マ・ロンが語る、父親であること、そしてモチベーション

卓球でマ・ロン以上に多くのオリンピック金メダルを獲得した選手はいない。卓球界のレジェンド的存在の彼は、どのように私生活とスポーツを両立させているのだろうか。その原動力をOlympics.comに語った。

1 執筆者 ZK Goh | 公開日:2022年10月25日
Ma Long
(2021 Getty Images)

オリンピックで獲得した金メダルの数は5つ。世界選手権での優勝は13度。卓球界のレジェンドであり、プライベートでは子を持つ父親、夫でもある。

過去10年を通して安定した成績をおさめてきたマ・ロン(馬龍)は、卓球界のトップに君臨してきた。

中華人民共和国の東北部・鞍山市出身のマ・ロンは、1988年10月生まれの現在34歳。誰よりも多くのオリンピック金メダルを獲得しており、世界選手権では、戦後最も成功した男子卓球選手でもある。

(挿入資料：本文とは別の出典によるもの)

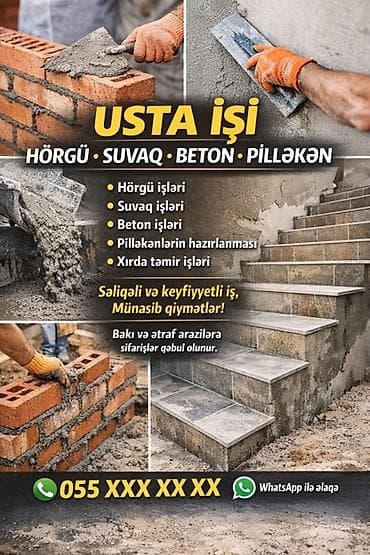 Usta işi – hörgü, suvaq, beton və pilləkən xidmətləri İş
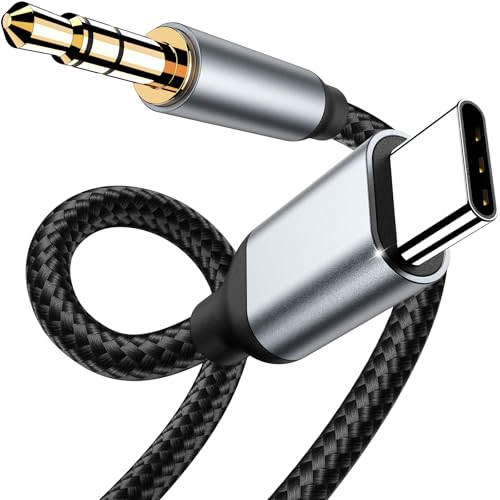 USB C auf Aux Kabel 1M, USB C auf 3.5mm auf Klinke Kabel, Aux Typ-C Audio Klinkenkabel Adapterkabel Jack für iPhone 17 16 15, für Samsung Galaxy S23/S22/S21, Huawei P40/P30, Home/Car Stereos usw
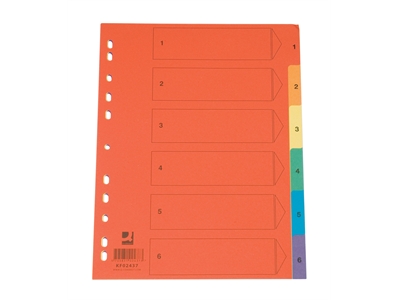 Hakemisto Q-Connect A4 1-6 kartonki värillinen - Hakemistot, rekisterit - 218129 - 1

「ドラゴン」の愛称で親しまれる彼は、何十年にも及ぶ努力の末にそのレベルに達したが、2017年に長男が誕生すると、競技を取り巻く環境が一変した。

彼がそのことを口にすることはほとんどなかったが、私生活とスポーツの両立は決して簡単なものではなかった。「家族と過ごす時間など、犠牲にしてきたものはある程度あります」と彼は認める。

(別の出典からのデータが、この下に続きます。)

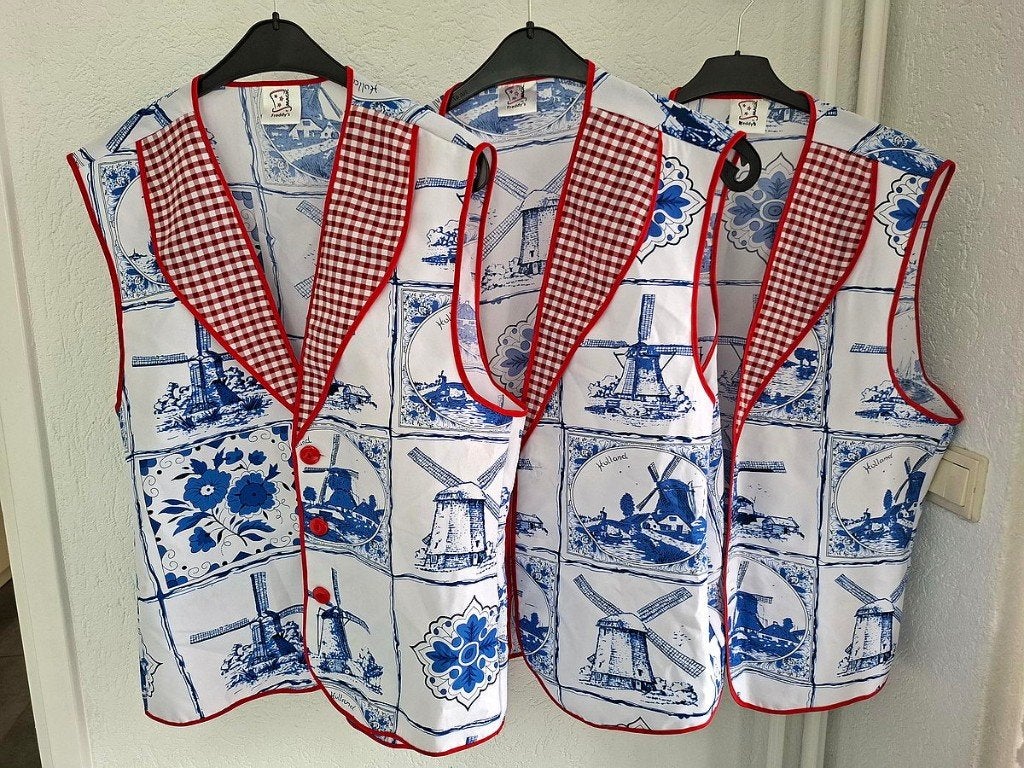 3x Hollands Vest / Hesje Delfs Blauw Man XL, Ophalen, Gedragen, Maat 46/48 (XL) of groter, Carnaval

ITTFを通じたOlympics.comのインタビューで、彼はどのように家庭と卓球を両立させてきたのかを語った。

家族とスポーツを切り離して考える

マ・ロンは自分というものをしっかりと認識している人物のようである。

彼はアスリートとして完璧を追求するあまり、その他のことがおろそかになっていると認める。世界の多くのアスリートも同じだろうが、スポーツの発展に力を注ぐ中華人民共和国において、その傾向は特に強まる。例えば、家族との時間だ。

「家族、両親、妻、そして子どもたちに感謝しています。好きなことに取り組む私をいつも応援してくれています」

「彼らは、私が彼らのものであるだけでなく、この(中国卓球代表)チームのものでもあると感じています。私には自分の夢もありますし、彼らはそれを(家族の役割と)切り離して考えてくれています」

2022年秋に行われた世界卓球選手権の男子団体で中華人民共和国代表チームは22度目の優勝を達成。そのキャプテンを務める彼は、ナショナルチームにおける自分の位置づけを明確に語る。

「中国卓球チームは、私ひとりの力で成り立っているわけではありません。監督をはじめ、裏方の人たちがたくさんいます。私たちのプレースタイルやチームのパフォーマンスを上げること、技術的な発展を研究することなどに集中しています。これはみんなが共有している目標なんです」

彼はこのチームが自分ひとりの力だけで回っているわけではないことを認識したことで、父親として、息子として、家族の一員として、代表チームのキャプテンとしての役割のバランスをよりよく理解でき、コート外での生活にも目を向けることができるようになったという。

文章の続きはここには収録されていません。